Yayoi Kusama: la icónica artista japonesa de los lunares falleció a los 97 años

jueves, 27 de agosto de 2026

La artista japonesa de vanguardia Yayoi Kusama falleció a los 97 años el pasado 14 de agosto en un hospital de Tokio a causa de una falla multiorgánica derivada de una hemorragia cerebral, según confirmó la Fundación Yayoi Kusama este jueves 27 de agosto.

La noticia marca el cierre de una trayectoria de más de siete décadas en la que transformó los síntomas de su salud mental en un fenómeno estético global. Hasta sus últimos días, Kusama mantuvo la rutina diaria de pintar en su taller contiguo al Hospital Psiquiátrico Seiwa, institución en la que residía de forma voluntaria desde 1977.​

El arte y la vulnerabilidad

Nacida en la ciudad de Matsumoto en 1929, Kusama comenzó a experimentar alucinaciones visuales a los diez años. En sus visiones, los patrones de flores y lunares se multiplicaban hasta cubrir paredes, techos y su propio cuerpo.
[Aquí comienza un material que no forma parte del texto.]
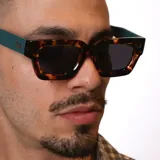 Lentes de sol con armazón de diseño rectangular y estampado carey. Presentan patillas en color verde petróleo con detalle metálico de la marca.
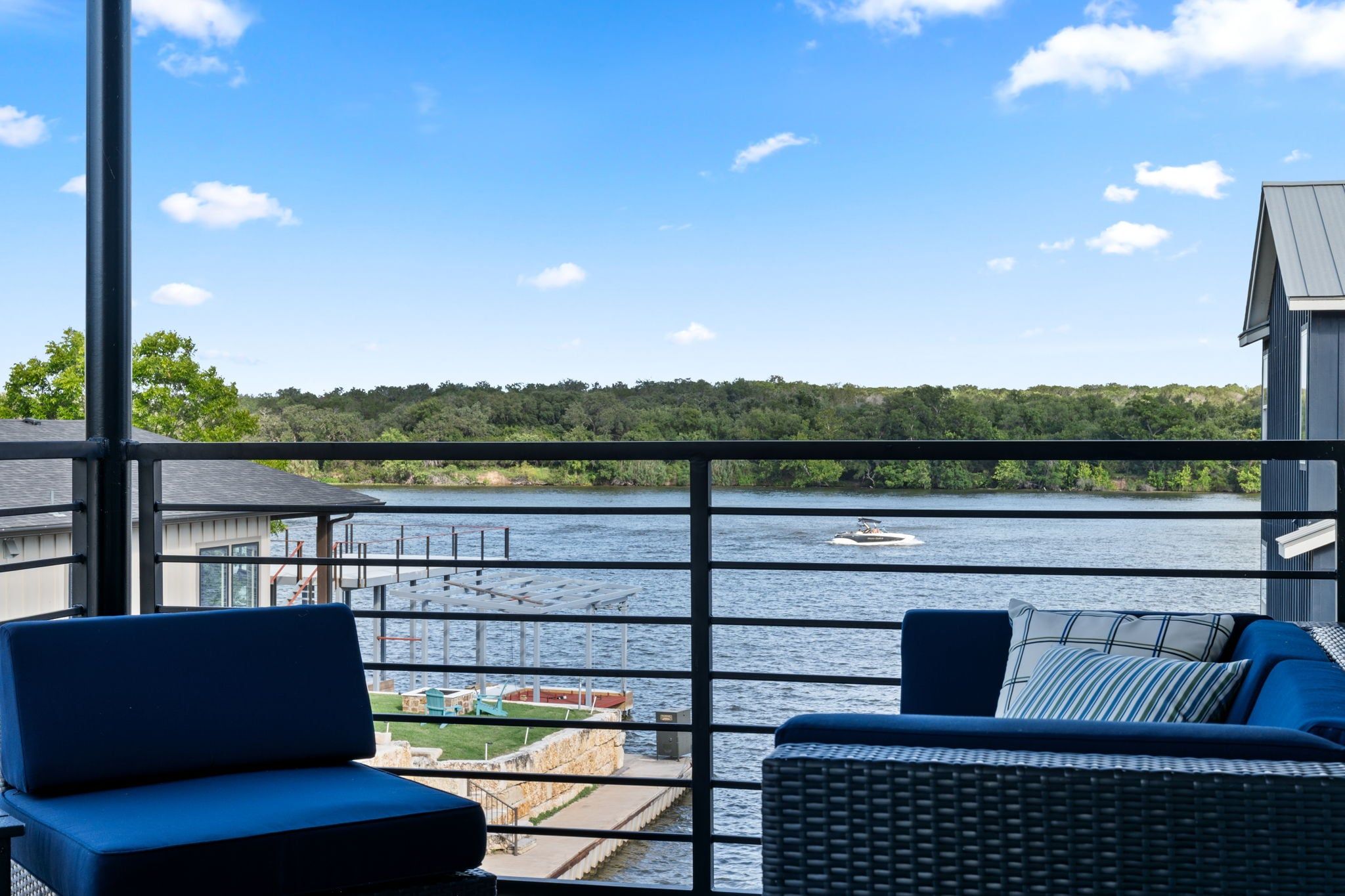 Un balcone con vista su una distesa d'acqua, un molo e una zona boschiva.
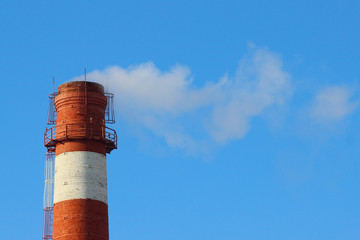 White smoke from a high brick industrial plant chimney against a blue sky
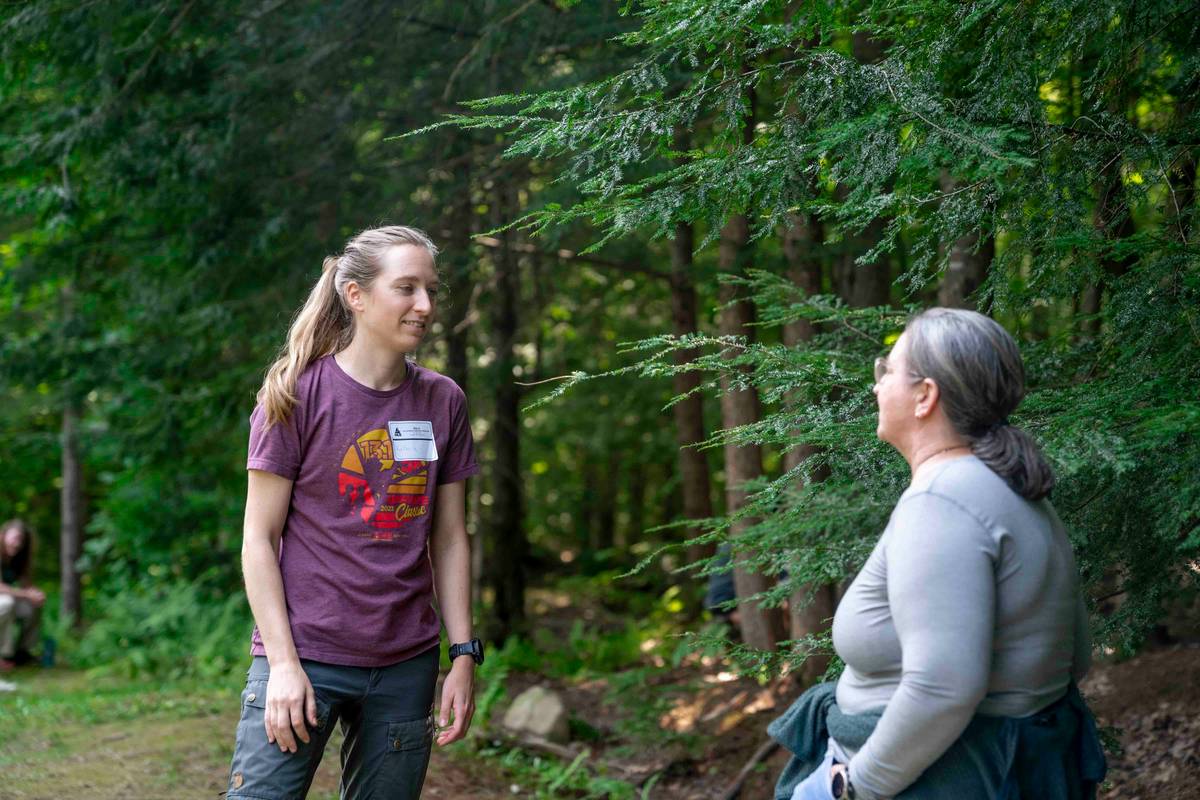 A group of friends enjoying a hike together through forest paths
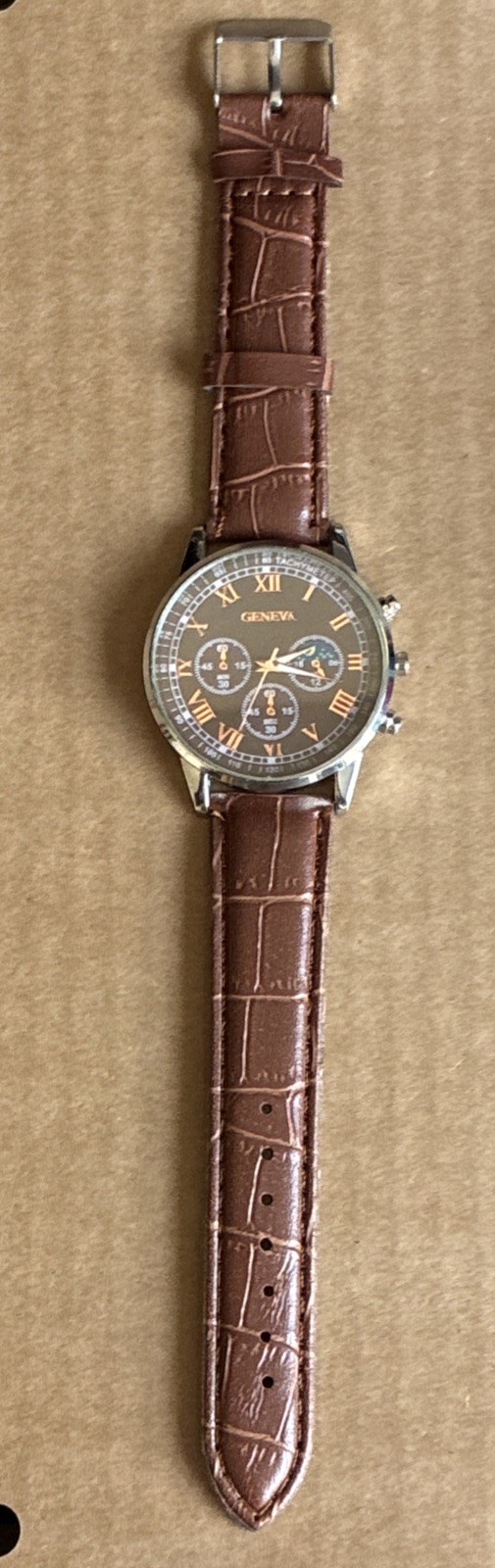 ￼ Geneva Men’s Classic Quartz Watch – Brown Dial, Roman Numerals, Unworn/Working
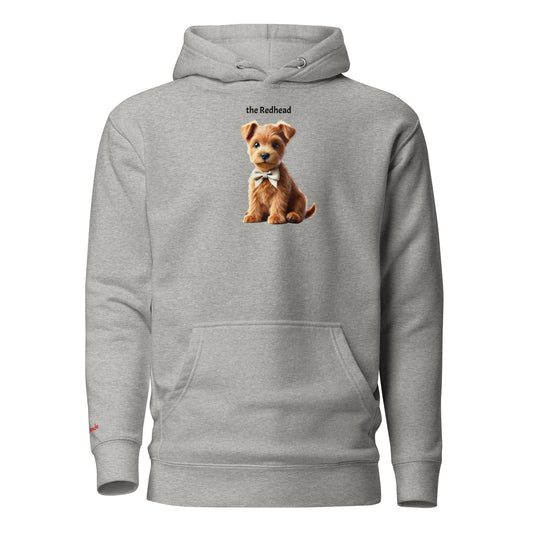 Flatlay of carbon grey relaxed fit unisex hoodie with a cute graphic of a Redhead Puppy  wearing a bow-tie and the words 'the Redhead' linking to Red hair. Branded RedBlonde in red on inside neck and right cuff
Para lidiar con el pánico y el entorno familiar hostil de su infancia, comenzó a dibujar compulsivamente todo lo que veía. Tras estudiar nihonga (una técnica tradicional de pintura japonesa basada en pigmentos naturales) en Kioto, decidió mudarse a Nueva York en 1958 para integrarse a la escena de vanguardia internacional.​En Estados Unidos, Kusama desarrolló conceptos revolucionarios como las Infinity Nets (grandes lienzos cubiertos por diminutos arcos repetitivos de pintura) y las esculturas blandas de tela. En 1965 creó su primera Infinity Mirror Room (sala de espejos infinitos), una instalación inmersiva donde el juego de reflectores y luces genera la ilusión de un espacio sin límites. Su propuesta teórica se centró en la «autoobliteración», un concepto que planteaba la disolución de la identidad individual dentro del universo infinito mediante la repetición obsesiva de puntos.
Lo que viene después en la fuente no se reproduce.